Martin Gilbert's biography of Churchill, Vol VII, p894, note 3.
(Sir Edward was the Cabinet Secretary, which explains the question)

edit on 4-8-2014 by DISRAELI because: (no reason given)

posted on Aug, 4 2014 @ 07:36 PM

originally posted by: masqua
I have respect for individual instances of genuine heroism by those who placed their lives at risk to save the lives of others.

I feel nothing but sorrow for the millions cut down by machine guns and artillery, regardless of which side they fought on.

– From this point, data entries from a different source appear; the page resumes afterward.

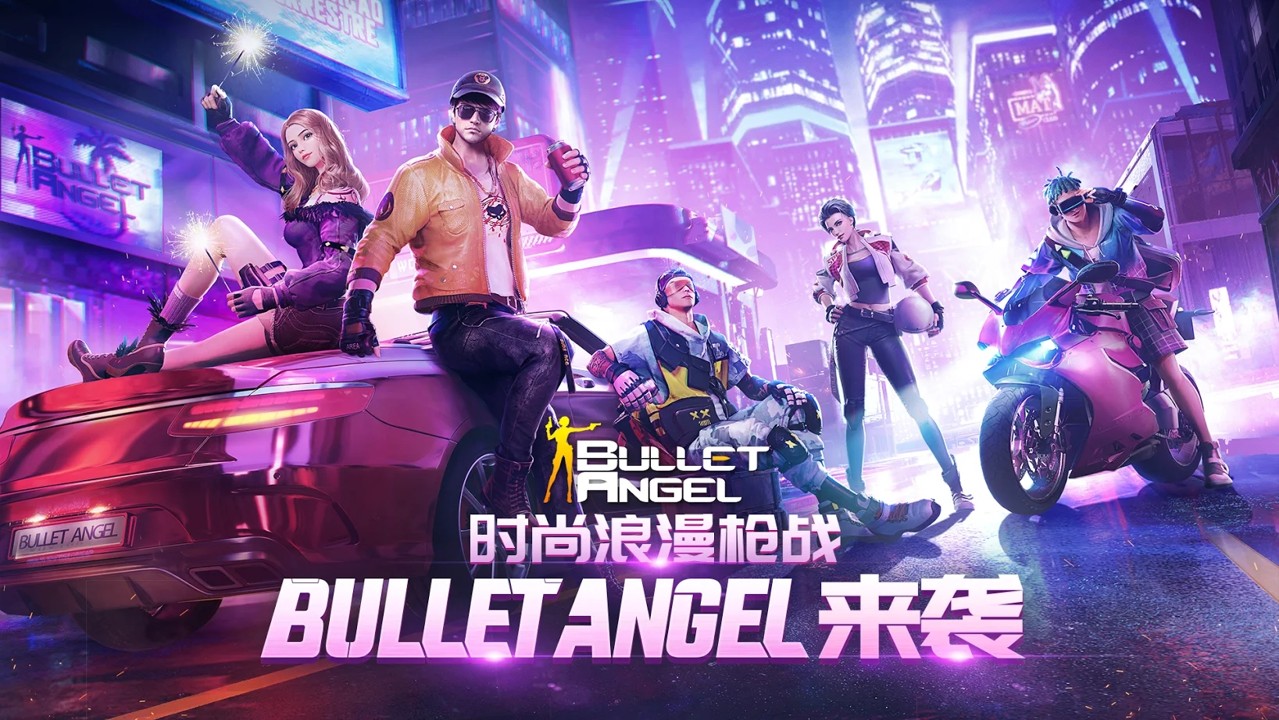 子彈天使手游國際版截圖1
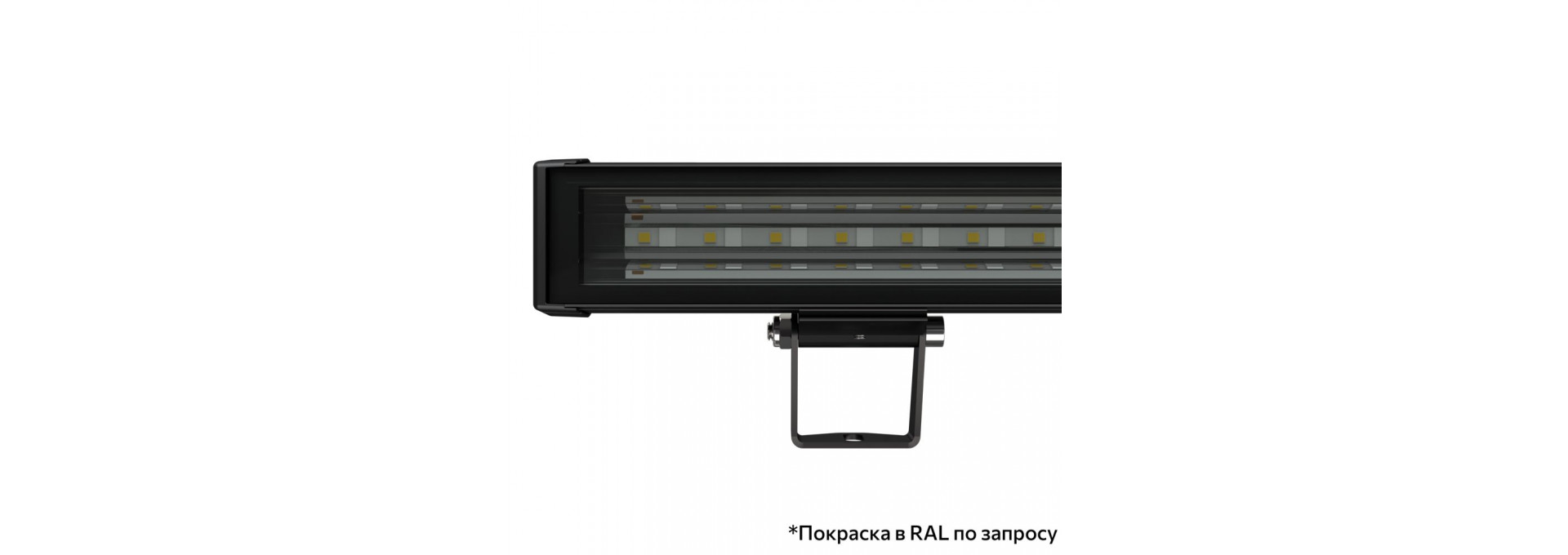 Барокко 10 S 600мм 48В DC 2 пикс. RGBW DMX CRI80 4000К 40х100°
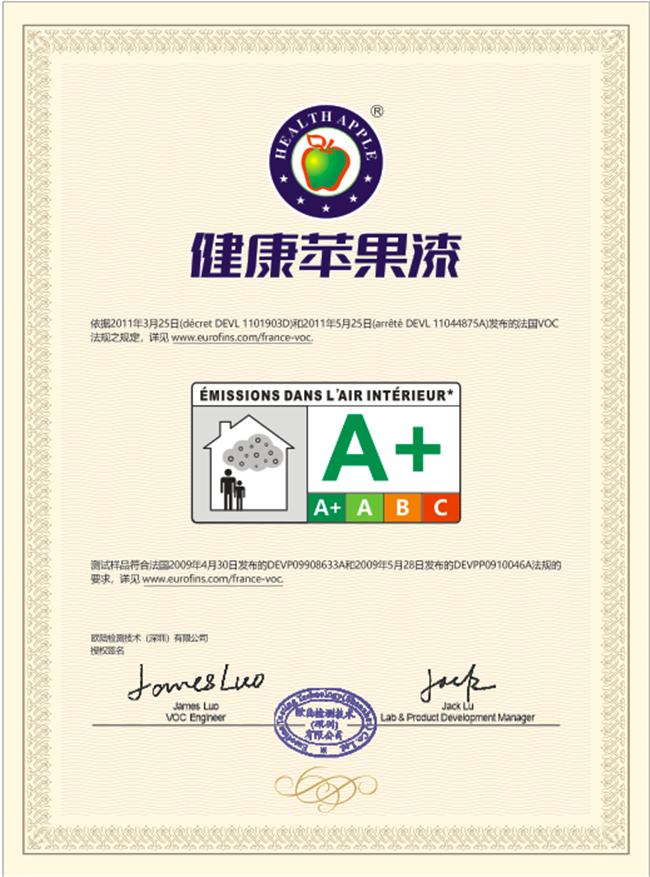 儿童漆环保测试,儿童油漆测评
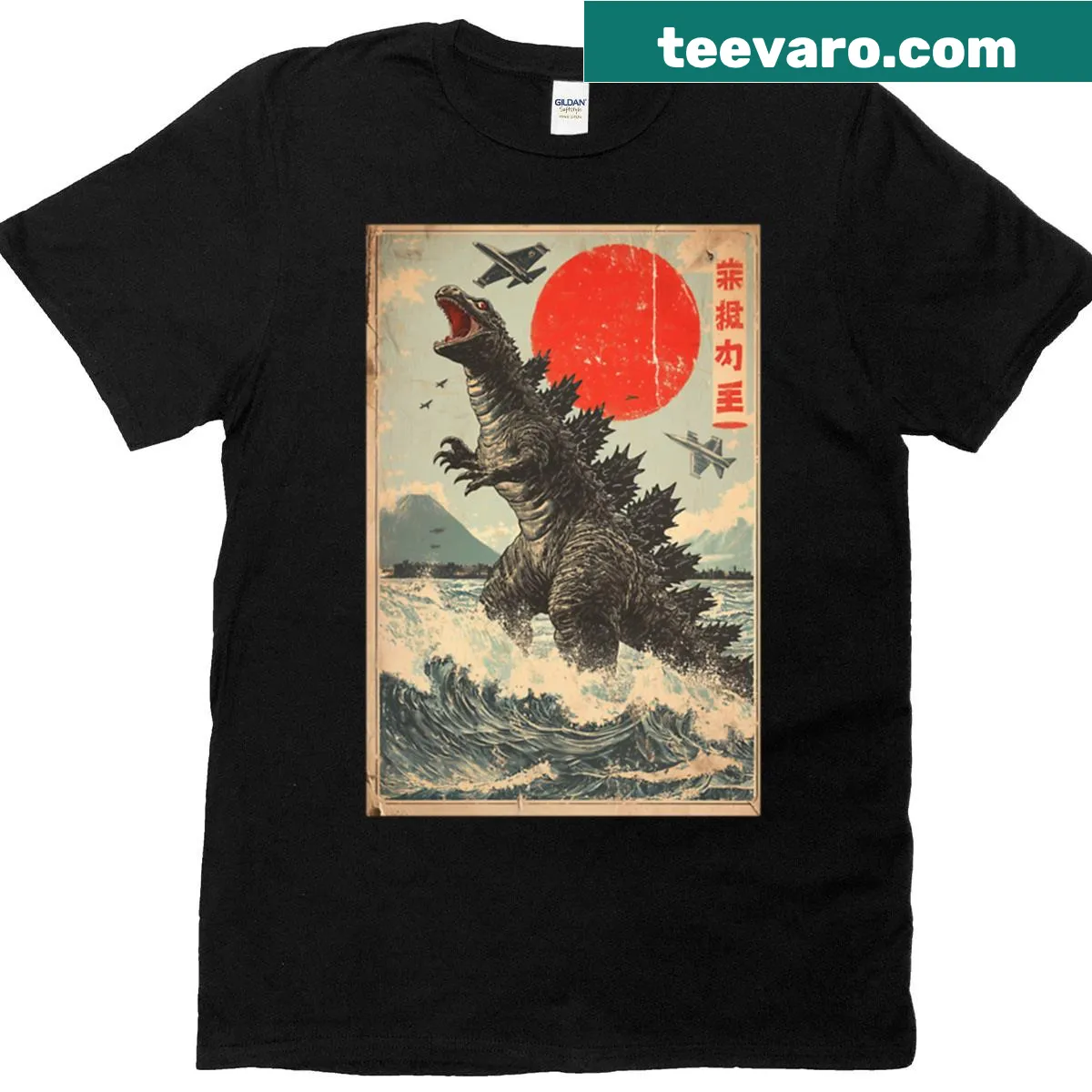 Gojira shirt featuring Godzilla in epic illustration — on a men's t-shirt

I despise the political monsters who set the stage for that war.

AMEN to that

posted on Aug, 4 2014 @ 11:59 PM
a reply to: seagull

oh i get ya yeah who knows small changes can have massive impacts massive changes uncalcuable changes maybe we got a good deal maybe not

posted on Aug, 5 2014 @ 07:33 AM
a reply to: masqua

Amen, my brother. Amen.

Something to remember them, so long gone from this Earth.

Rouge Bouquet

by Joyce Kilmer

In a wood they call the Rouge Bouquet
There is a new-made grave to-day,
Built by never a spade nor pick
Yet covered with earth ten meters thick.
There lie many fighting men,
Dead in their youthful prime,
Never to laugh nor love again
Nor taste the Summertime.
For Death came flying through the air
And stopped his flight at the dugout stair,
Touched his prey and left them there,
Clay to clay.
He hid their bodies stealthily
In the soil of the land they fought to free
And fled away.
Now over the grave abrupt and clear
Three volleys ring;
And perhaps their brave young spirits hear
The bugle sing:
"Go to sleep!
Go to sleep!
Slumber well where the shell screamed and fell.
Let your rifles rest on the muddy floor,
You will not need them any more.
Danger's past;
Now at last,
Go to sleep!"

There is on earth no worthier grave
To hold the bodies of the brave
Than this place of pain and pride
Where they nobly fought and nobly died.
Never fear but in the skies
Saints and angels stand
Smiling with their holy eyes
On this new-come band.
St. Michael's sword darts through the air
And touches the aureole on his hair
As he sees them stand saluting there,
His stalwart sons;
And Patrick, Brigid, Columkill
Rejoice that in veins of warriors still
The Gael's blood runs.
And up to Heaven's doorway floats,
From the wood called Rouge Bouquet,
A delicate cloud of buglenotes
That softly say:
Comrades true, born anew, peace to you!
Your souls shall be where the heroes are
And your memory shine like the morning-star.
Brave and dear,
Shield us here.

He wrote this poem just shortly after he lost twenty comrades, and just a short time before he himself was killed.

I first read this poem in high school, and it's stuck with me all these years later.